That album title refers to an inner-city variant of Gulf War or Post-Traumatic Stress Syndrome, an affliction of which the hyphy movement is but an effect. Getting hyphy, T-Kash explains, is a "release" from the pressures of "growing up in a community full of drug use and violence," further adversely affected by "government politics ... city politics ... police brutality ...." The list goes on.
The problems don't start and end with the scraper contingent, he insists. Often, academia is a case of "the blind leading the blind"; similarly, hip-hop elitists project a "more conscious than thou" attitude. And while it may be hard out here for a pimp, it's not easy being a politically aware rapper either: "How many corporations really want to see us get our message across?" he ponders. "Honestly, there's a lot of cons" to conscious hip-hop it can be "just as hypocritical, cliquish, bitter, and redundant" as so-called unconscious rap.

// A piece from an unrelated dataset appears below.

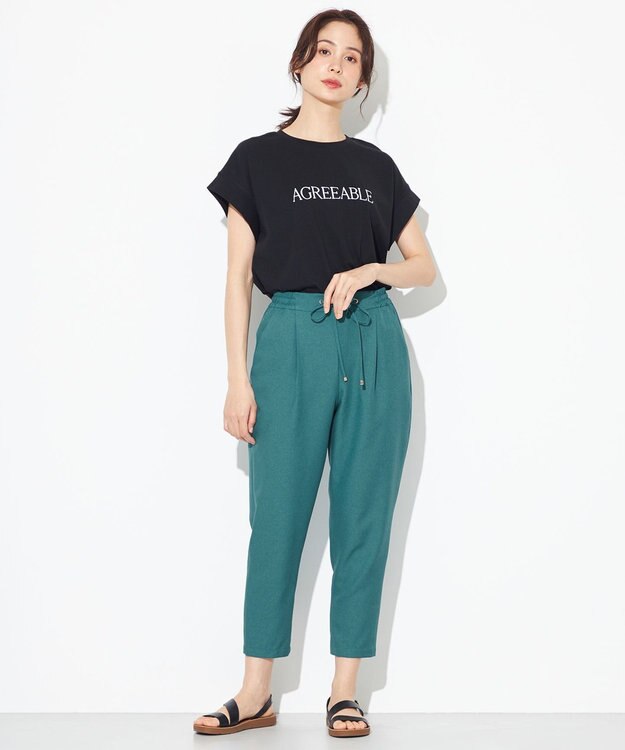 ANY 【接触冷感・UVケア】イージーケア美脚 パンツ ターコイズグリーン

For all his rebellious rhetoric, you might think T-Kash would be an overly dour kind of fellow. Yet a sense of irony and humor pervades both his music and his personality. "We have to make humor of situations to be able to digest them," he explains. And though he represents a viable alternative to the mind-numbing exhortations of the Thizz Nation, Kash doesn't necessarily see himself as the antithesis of hyphy. "I'm anti-oppression. I'm anti-negativity," he clarifies, noting that he's often supported hyphy artists by giving them exposure on the airwaves. While he appreciates the national attention hyphy has brought to the local scene, he feels it doesn't necessarily represents the entire spectrum of the region's artistic talent: "I want the Bay Area hip-hop movement; I don't necessarily want the hyphy movement," he concludes. After all, when the thizz wears off, the conditions that created Turf War Syndrome remain.